* Exercise *
Look through the entries for the string "Hyundai", and copy each line that holds it.
*** Opening of Task data ***
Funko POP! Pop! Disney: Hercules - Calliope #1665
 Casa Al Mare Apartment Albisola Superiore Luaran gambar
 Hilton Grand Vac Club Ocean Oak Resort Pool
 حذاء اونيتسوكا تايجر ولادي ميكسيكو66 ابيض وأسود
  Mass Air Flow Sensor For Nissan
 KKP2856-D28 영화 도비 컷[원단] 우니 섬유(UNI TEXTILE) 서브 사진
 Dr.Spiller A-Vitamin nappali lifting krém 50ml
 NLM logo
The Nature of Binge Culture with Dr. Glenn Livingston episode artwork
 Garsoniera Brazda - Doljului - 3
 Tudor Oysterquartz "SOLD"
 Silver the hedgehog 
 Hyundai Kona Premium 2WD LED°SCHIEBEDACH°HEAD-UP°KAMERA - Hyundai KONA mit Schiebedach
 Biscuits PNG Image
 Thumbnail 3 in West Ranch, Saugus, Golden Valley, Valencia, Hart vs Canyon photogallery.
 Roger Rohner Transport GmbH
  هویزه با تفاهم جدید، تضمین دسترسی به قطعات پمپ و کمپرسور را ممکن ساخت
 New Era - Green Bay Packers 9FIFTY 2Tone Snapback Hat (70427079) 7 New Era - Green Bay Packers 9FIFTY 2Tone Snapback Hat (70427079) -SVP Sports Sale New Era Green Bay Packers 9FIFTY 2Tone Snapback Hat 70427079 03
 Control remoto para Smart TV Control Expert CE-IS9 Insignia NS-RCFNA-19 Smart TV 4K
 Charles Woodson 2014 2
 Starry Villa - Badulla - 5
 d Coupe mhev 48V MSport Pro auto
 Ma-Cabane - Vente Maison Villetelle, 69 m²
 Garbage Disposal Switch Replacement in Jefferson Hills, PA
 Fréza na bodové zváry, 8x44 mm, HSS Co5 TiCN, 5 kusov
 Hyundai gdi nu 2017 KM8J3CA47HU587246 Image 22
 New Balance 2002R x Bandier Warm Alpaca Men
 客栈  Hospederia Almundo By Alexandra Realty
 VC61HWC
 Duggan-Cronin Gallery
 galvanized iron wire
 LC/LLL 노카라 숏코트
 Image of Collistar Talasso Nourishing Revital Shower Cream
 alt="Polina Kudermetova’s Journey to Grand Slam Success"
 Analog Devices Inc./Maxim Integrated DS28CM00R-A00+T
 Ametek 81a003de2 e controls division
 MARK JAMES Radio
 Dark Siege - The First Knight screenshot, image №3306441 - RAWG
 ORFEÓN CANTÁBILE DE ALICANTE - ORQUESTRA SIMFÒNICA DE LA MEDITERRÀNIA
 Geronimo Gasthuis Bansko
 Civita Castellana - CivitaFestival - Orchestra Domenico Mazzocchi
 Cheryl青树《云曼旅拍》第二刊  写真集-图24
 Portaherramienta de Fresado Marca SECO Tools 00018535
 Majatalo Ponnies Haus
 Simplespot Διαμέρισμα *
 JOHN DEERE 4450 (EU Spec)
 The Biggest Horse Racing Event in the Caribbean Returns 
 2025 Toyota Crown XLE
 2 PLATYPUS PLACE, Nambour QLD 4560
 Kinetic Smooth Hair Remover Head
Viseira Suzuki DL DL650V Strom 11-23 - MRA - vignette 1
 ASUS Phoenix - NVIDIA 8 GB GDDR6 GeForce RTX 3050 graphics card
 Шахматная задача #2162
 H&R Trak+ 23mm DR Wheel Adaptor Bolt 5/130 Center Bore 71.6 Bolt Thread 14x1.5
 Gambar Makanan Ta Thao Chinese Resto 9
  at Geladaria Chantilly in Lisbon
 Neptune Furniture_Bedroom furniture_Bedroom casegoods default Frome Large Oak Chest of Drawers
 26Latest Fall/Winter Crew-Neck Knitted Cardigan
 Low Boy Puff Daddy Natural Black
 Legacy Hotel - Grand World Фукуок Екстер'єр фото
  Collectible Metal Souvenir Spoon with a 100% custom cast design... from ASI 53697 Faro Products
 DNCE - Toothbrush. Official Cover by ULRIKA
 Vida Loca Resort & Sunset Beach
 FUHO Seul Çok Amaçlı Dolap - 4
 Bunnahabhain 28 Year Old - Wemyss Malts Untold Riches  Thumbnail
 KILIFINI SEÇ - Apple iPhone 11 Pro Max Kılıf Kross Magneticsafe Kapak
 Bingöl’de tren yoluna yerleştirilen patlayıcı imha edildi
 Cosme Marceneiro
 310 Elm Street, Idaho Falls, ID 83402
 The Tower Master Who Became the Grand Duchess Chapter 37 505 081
*** Close of Task data ***
* Answer box *
 Hyundai Kona Premium 2WD LED°SCHIEBEDACH°HEAD-UP°KAMERA - Hyundai KONA mit Schiebedach
 Hyundai gdi nu 2017 KM8J3CA47HU587246 Image 22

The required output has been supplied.